#### Directions for this task
Exact copy, no pictures: restate each entry below word for word.

#### Exercise input

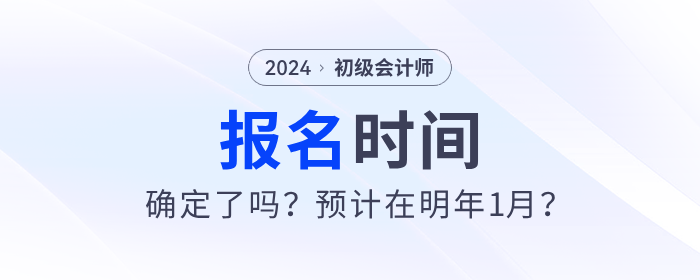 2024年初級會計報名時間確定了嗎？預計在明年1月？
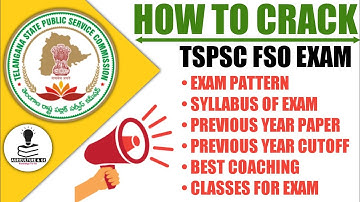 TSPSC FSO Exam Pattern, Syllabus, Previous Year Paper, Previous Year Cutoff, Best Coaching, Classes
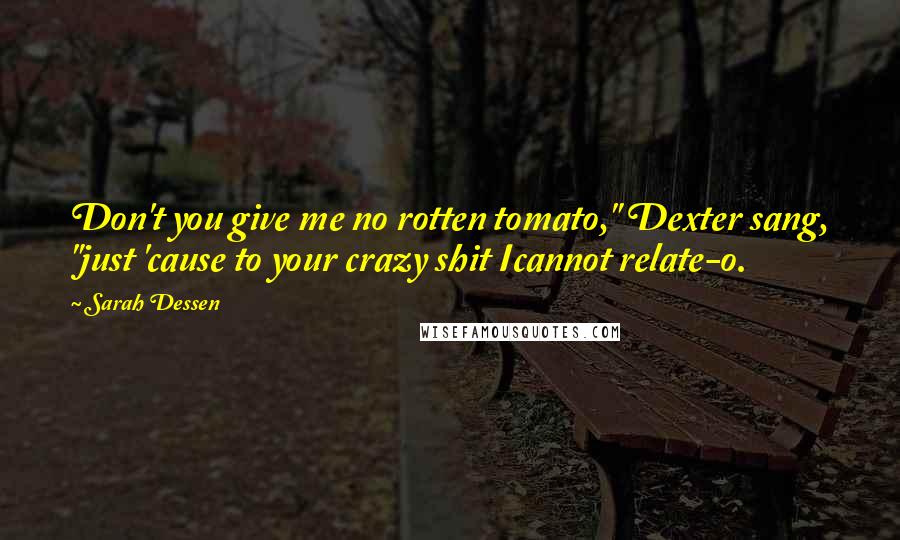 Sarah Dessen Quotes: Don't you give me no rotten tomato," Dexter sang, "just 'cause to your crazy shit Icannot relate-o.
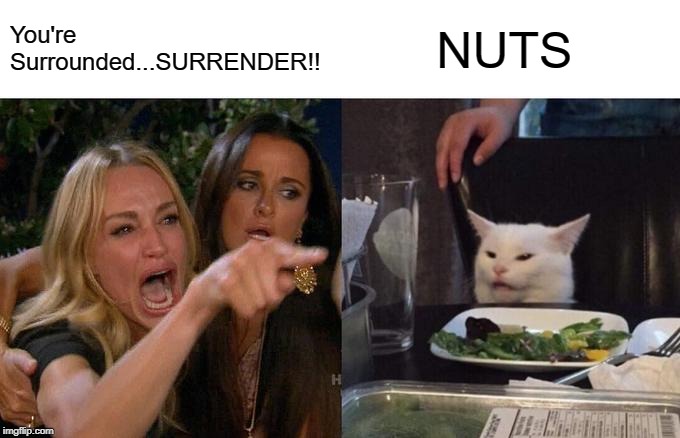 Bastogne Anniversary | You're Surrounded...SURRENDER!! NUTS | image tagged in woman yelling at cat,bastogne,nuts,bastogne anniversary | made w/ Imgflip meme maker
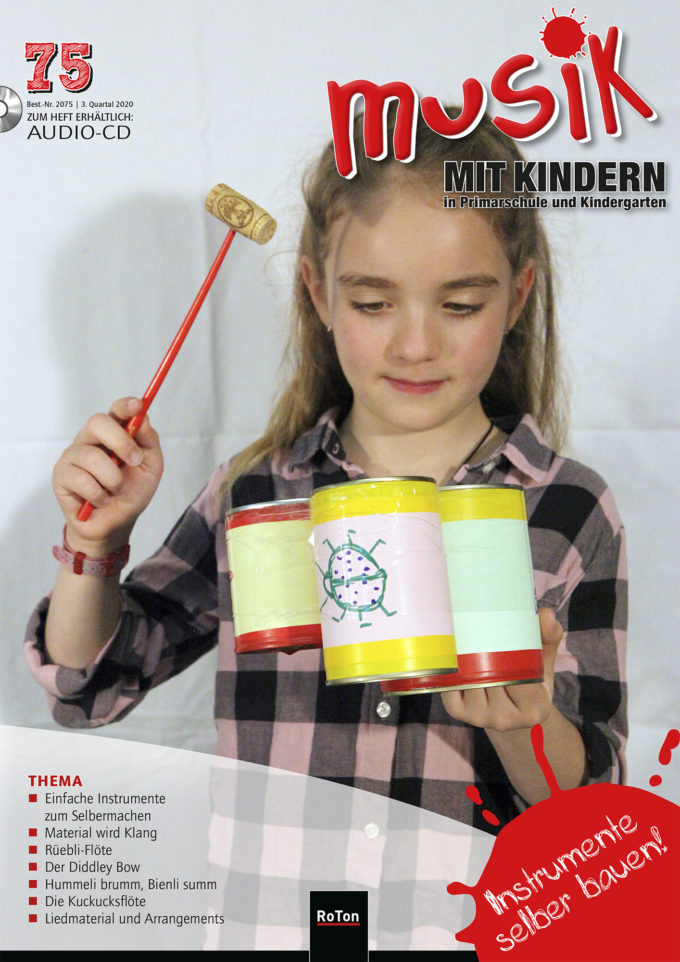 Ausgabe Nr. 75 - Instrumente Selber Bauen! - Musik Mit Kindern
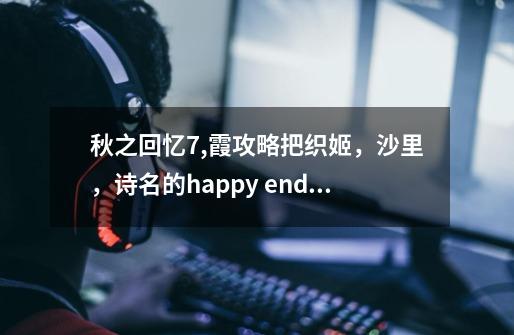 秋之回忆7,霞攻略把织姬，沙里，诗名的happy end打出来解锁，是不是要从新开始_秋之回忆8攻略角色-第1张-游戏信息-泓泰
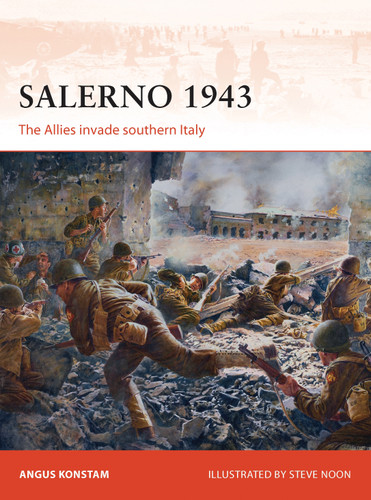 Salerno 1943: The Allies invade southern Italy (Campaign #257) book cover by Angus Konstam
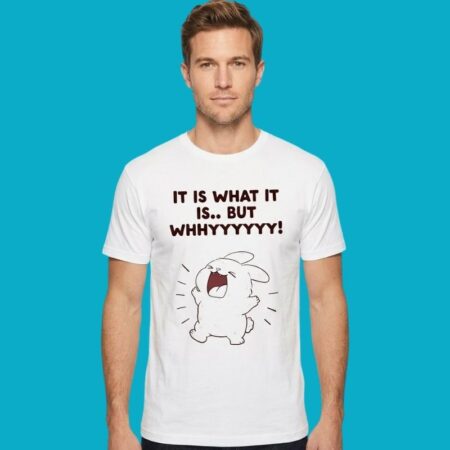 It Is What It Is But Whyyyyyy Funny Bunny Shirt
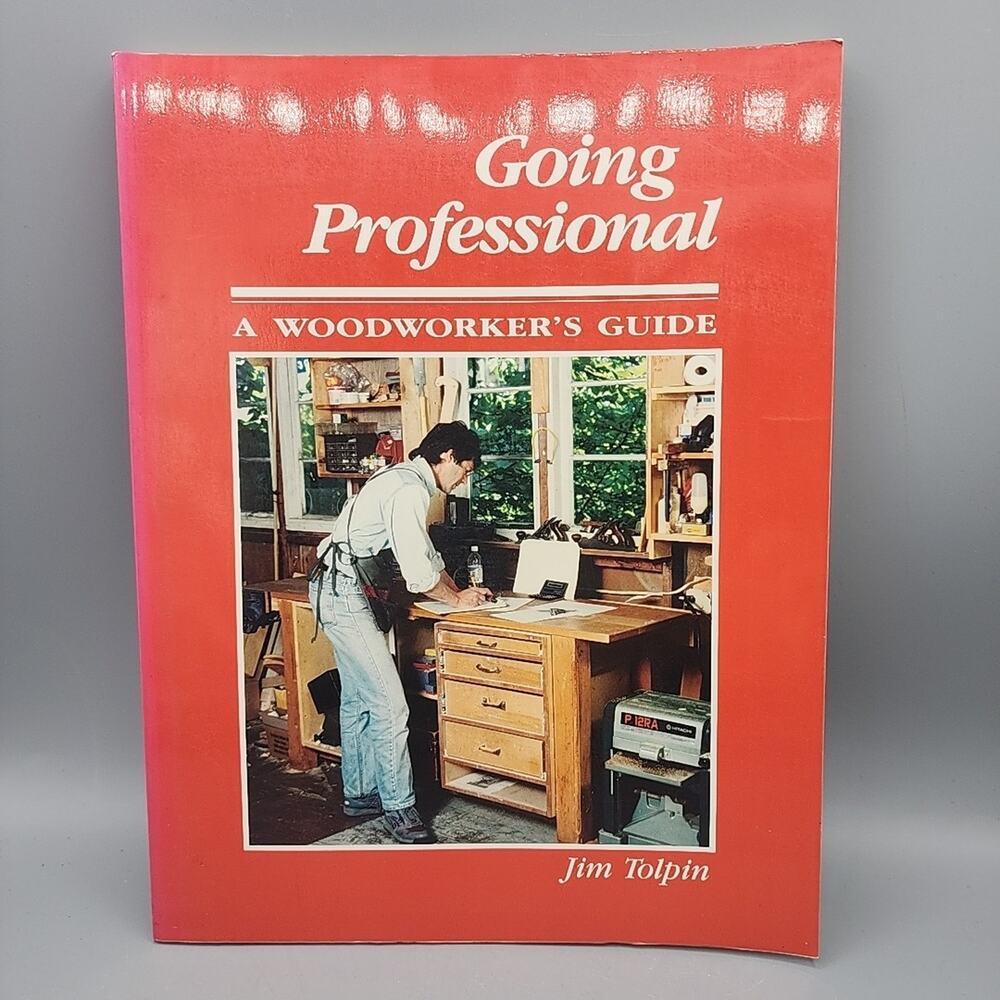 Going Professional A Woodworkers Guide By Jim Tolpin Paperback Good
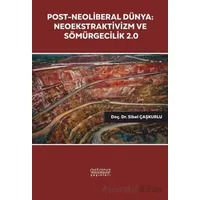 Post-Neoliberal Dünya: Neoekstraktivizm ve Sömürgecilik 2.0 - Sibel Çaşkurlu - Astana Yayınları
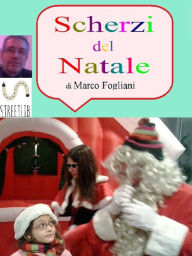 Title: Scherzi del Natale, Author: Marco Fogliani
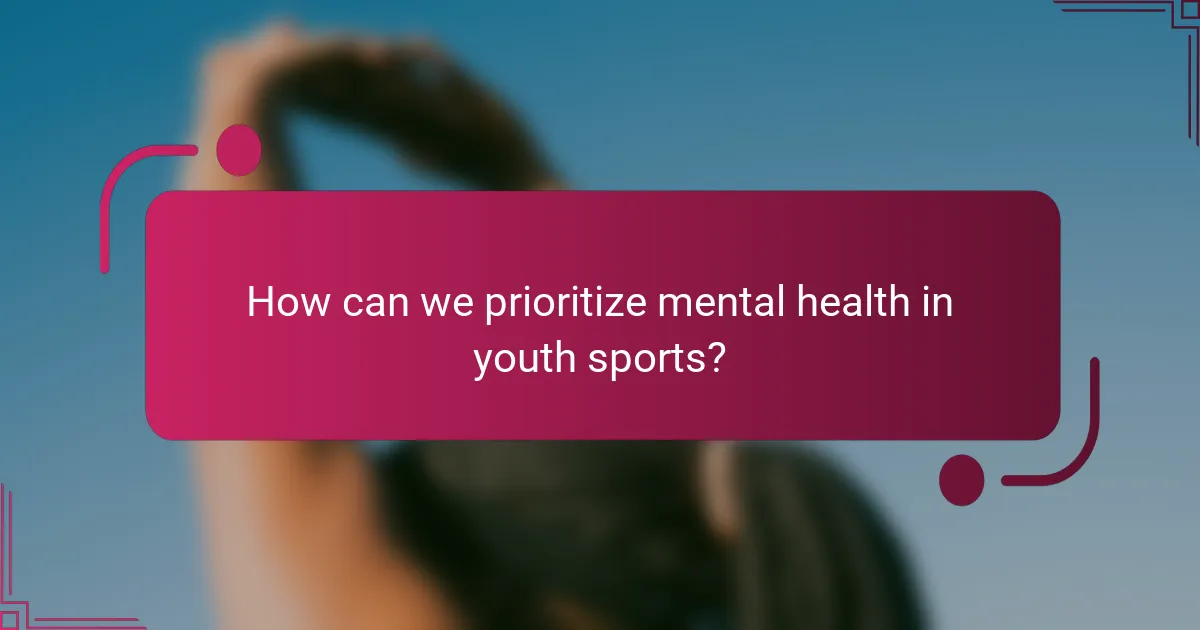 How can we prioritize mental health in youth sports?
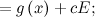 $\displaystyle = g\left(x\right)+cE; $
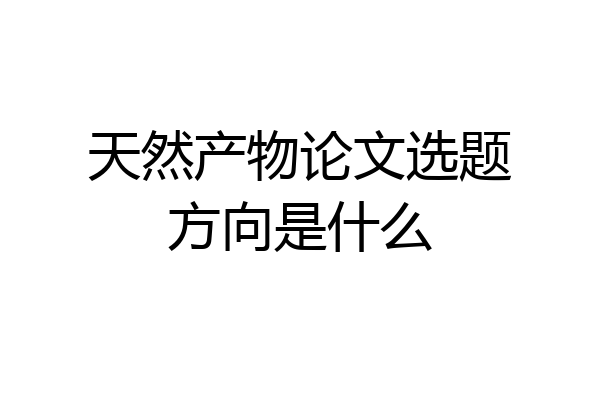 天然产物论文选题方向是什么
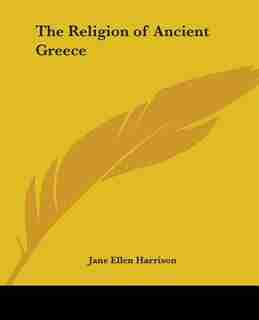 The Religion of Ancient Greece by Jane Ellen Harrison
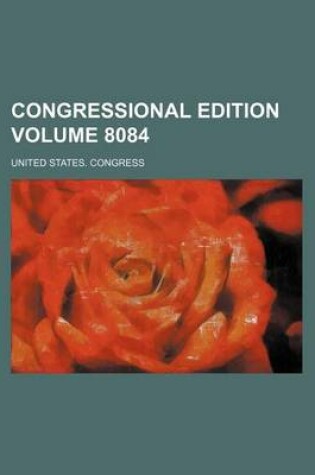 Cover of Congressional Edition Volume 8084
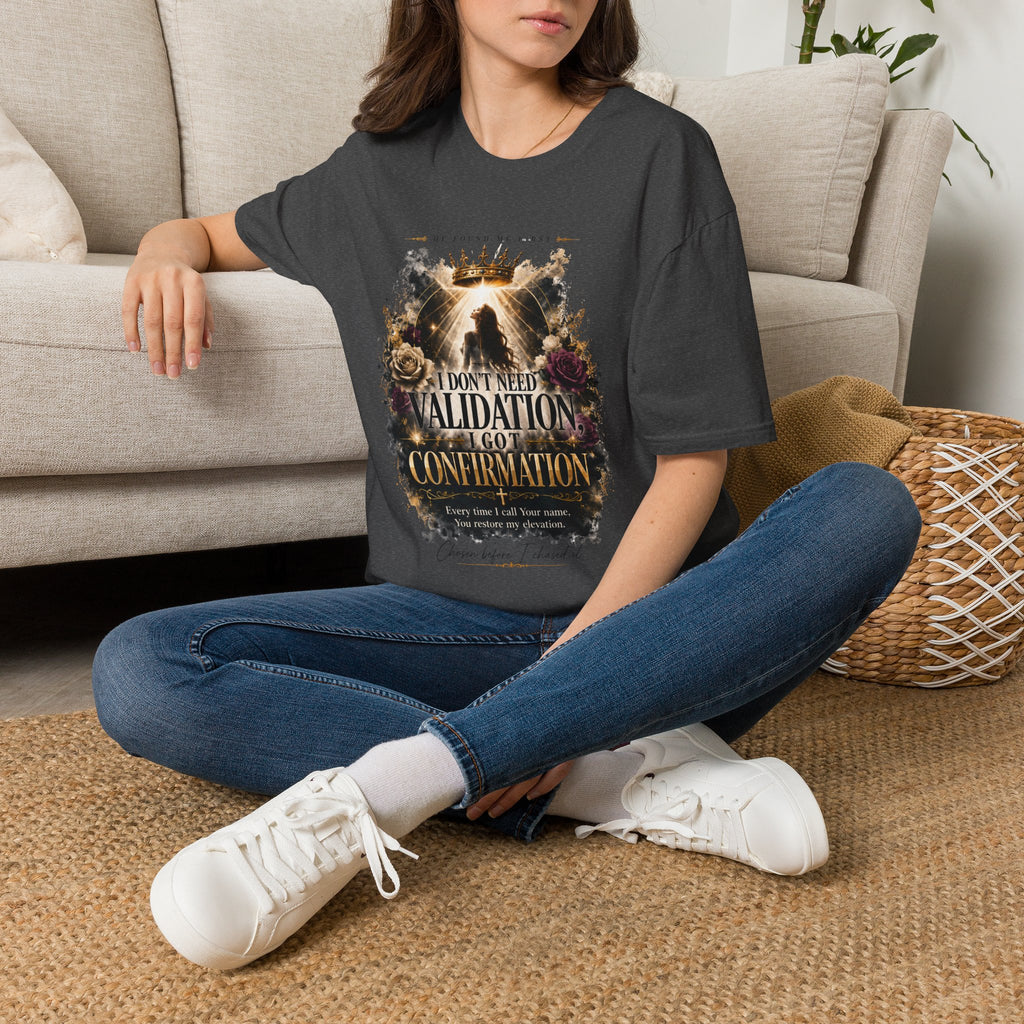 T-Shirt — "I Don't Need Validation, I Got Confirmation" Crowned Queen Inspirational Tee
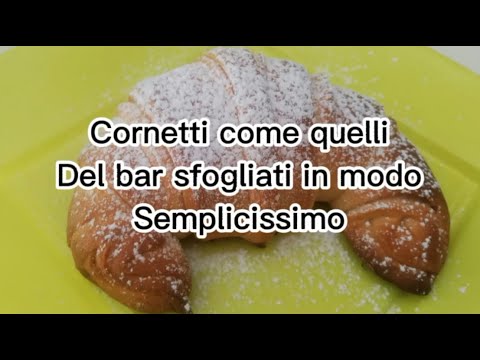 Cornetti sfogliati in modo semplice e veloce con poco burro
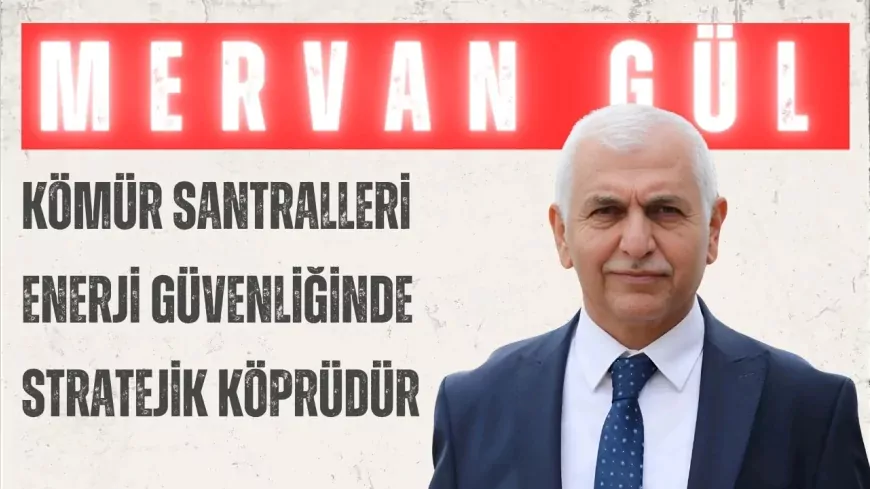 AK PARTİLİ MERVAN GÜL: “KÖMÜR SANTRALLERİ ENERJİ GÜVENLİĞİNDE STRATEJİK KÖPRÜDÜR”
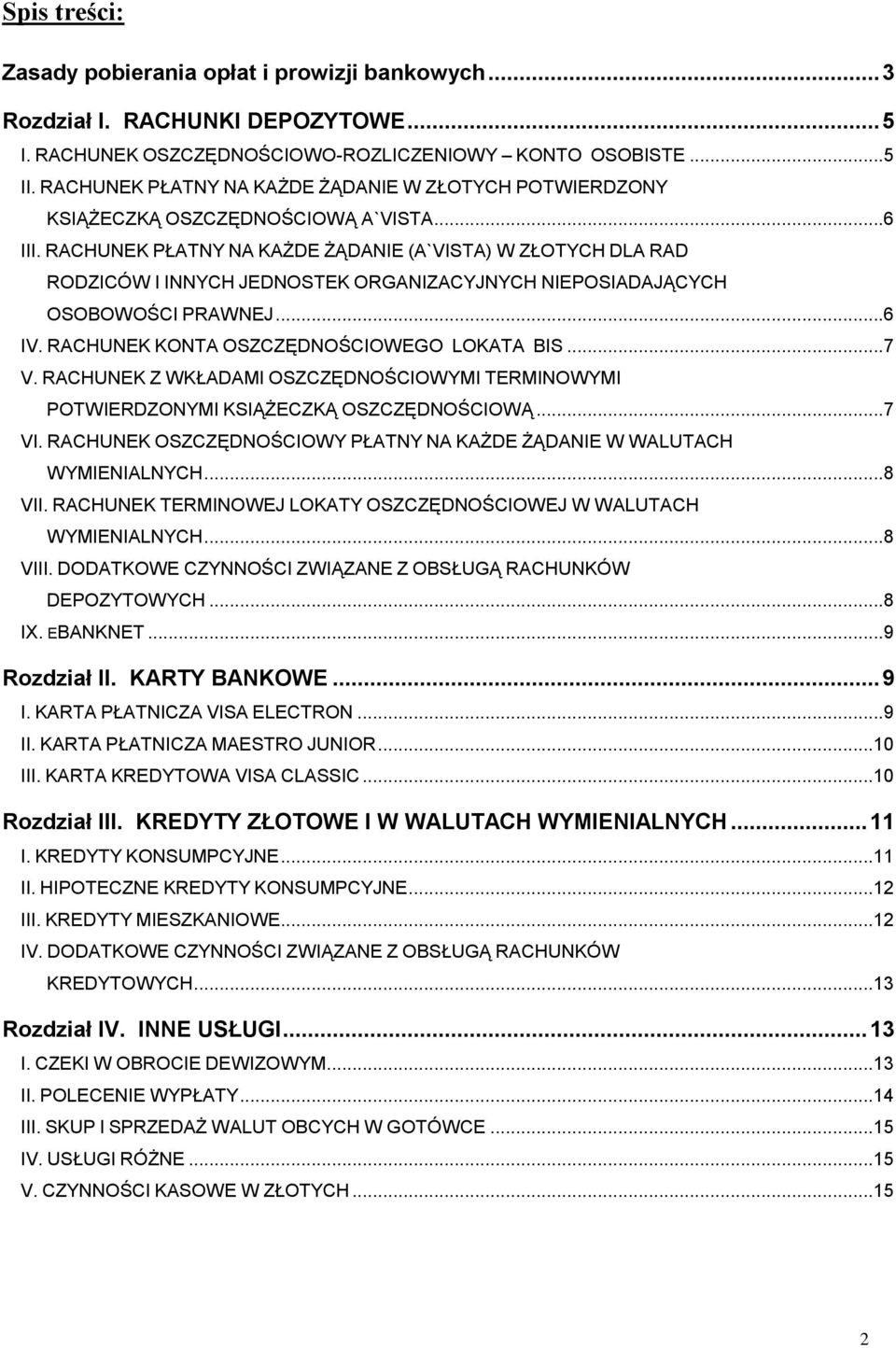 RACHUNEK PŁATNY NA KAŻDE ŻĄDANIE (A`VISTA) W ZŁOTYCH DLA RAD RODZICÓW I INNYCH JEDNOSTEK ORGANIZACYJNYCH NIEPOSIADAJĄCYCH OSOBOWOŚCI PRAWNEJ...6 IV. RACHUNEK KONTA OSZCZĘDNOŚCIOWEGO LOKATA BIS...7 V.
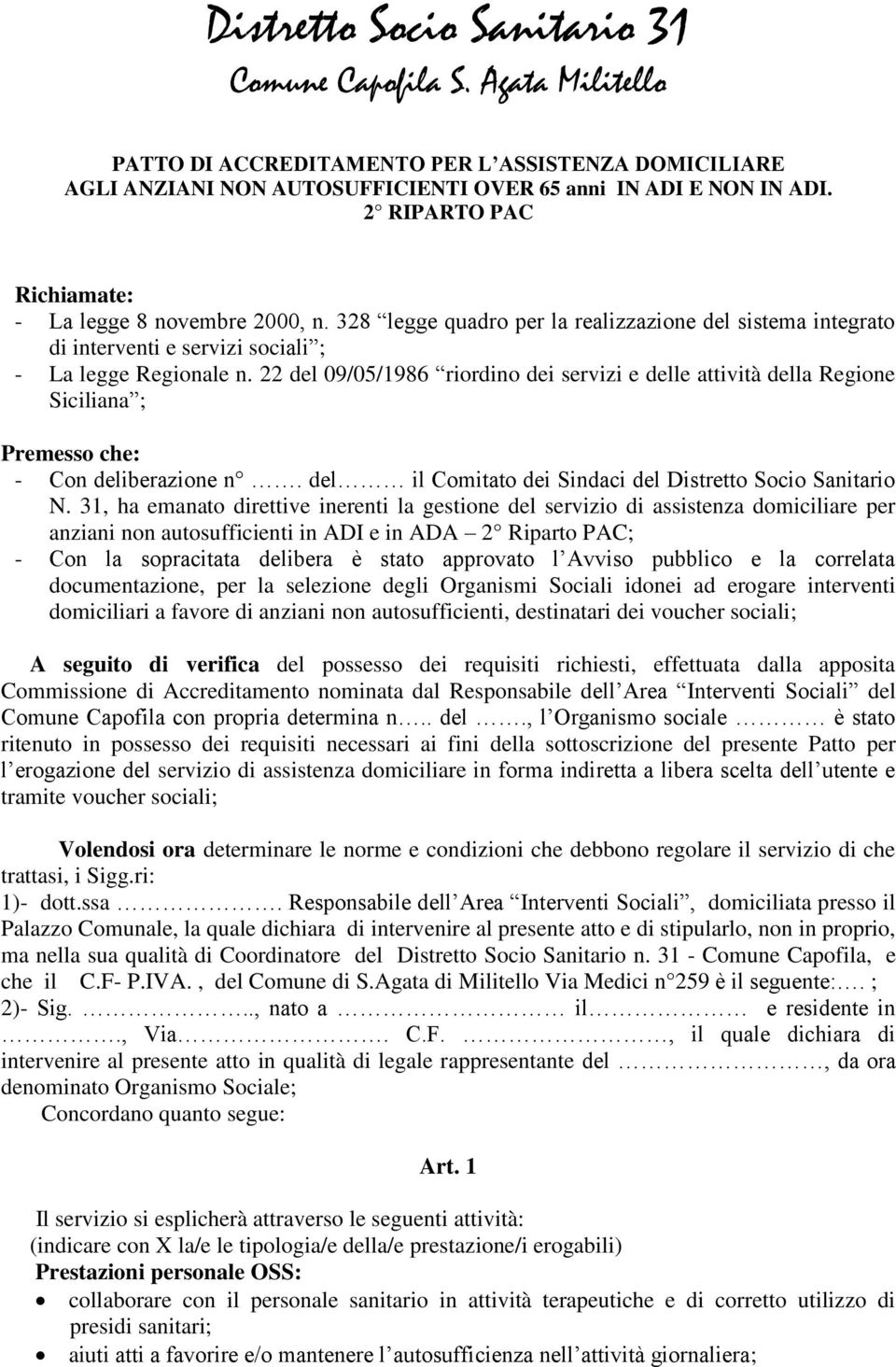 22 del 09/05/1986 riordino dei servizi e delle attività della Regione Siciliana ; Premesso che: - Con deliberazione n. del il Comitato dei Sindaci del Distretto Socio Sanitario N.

#### Exercise result
 2024年初級會計報名時間確定了嗎？預計在明年1月？
 TSPSC FSO Exam Pattern, Syllabus, Previous Year Paper, Previous Year Cutoff, Best Coaching, Classes
 Sarah Dessen Quotes: Don't you give me no rotten tomato," Dexter sang, "just 'cause to your crazy shit Icannot relate-o.
 Bastogne Anniversary | You're Surrounded...SURRENDER!! NUTS | image tagged in woman yelling at cat,bastogne,nuts,bastogne anniversary | made w/ Imgflip meme maker
 Ausgabe Nr. 75 - Instrumente Selber Bauen! - Musik Mit Kindern
 秋之回忆7,霞攻略把织姬，沙里，诗名的happy end打出来解锁，是不是要从新开始_秋之回忆8攻略角色-第1张-游戏信息-泓泰
 Salerno 1943: The Allies invade southern Italy (Campaign #257) book cover by Angus Konstam
 It Is What It Is But Whyyyyyy Funny Bunny Shirt
 Going Professional A Woodworkers Guide By Jim Tolpin Paperback Good
 Post-Neoliberal Dünya: Neoekstraktivizm ve Sömürgecilik 2.0 - Sibel Çaşkurlu - Astana Yayınları
 Title: Scherzi del Natale, Author: Marco Fogliani
 How can we prioritize mental health in youth sports?
 $\displaystyle = g\left(x\right)+cE; $
 天然产物论文选题方向是什么
 The Religion of Ancient Greece by Jane Ellen Harrison
 Cover of Congressional Edition Volume 8084
 T-Shirt — "I Don't Need Validation, I Got Confirmation" Crowned Queen Inspirational Tee
 Cornetti sfogliati in modo semplice e veloce con poco burro
 AK PARTİLİ MERVAN GÜL: “KÖMÜR SANTRALLERİ ENERJİ GÜVENLİĞİNDE STRATEJİK KÖPRÜDÜR”
 RACHUNEK PŁATNY NA KAŻDE ŻĄDANIE (A`VISTA) W ZŁOTYCH DLA RAD RODZICÓW I INNYCH JEDNOSTEK ORGANIZACYJNYCH NIEPOSIADAJĄCYCH OSOBOWOŚCI PRAWNEJ...6 IV. RACHUNEK KONTA OSZCZĘDNOŚCIOWEGO LOKATA BIS...7 V.
 22 del 09/05/1986 riordino dei servizi e delle attività della Regione Siciliana ; Premesso che: - Con deliberazione n. del il Comitato dei Sindaci del Distretto Socio Sanitario N.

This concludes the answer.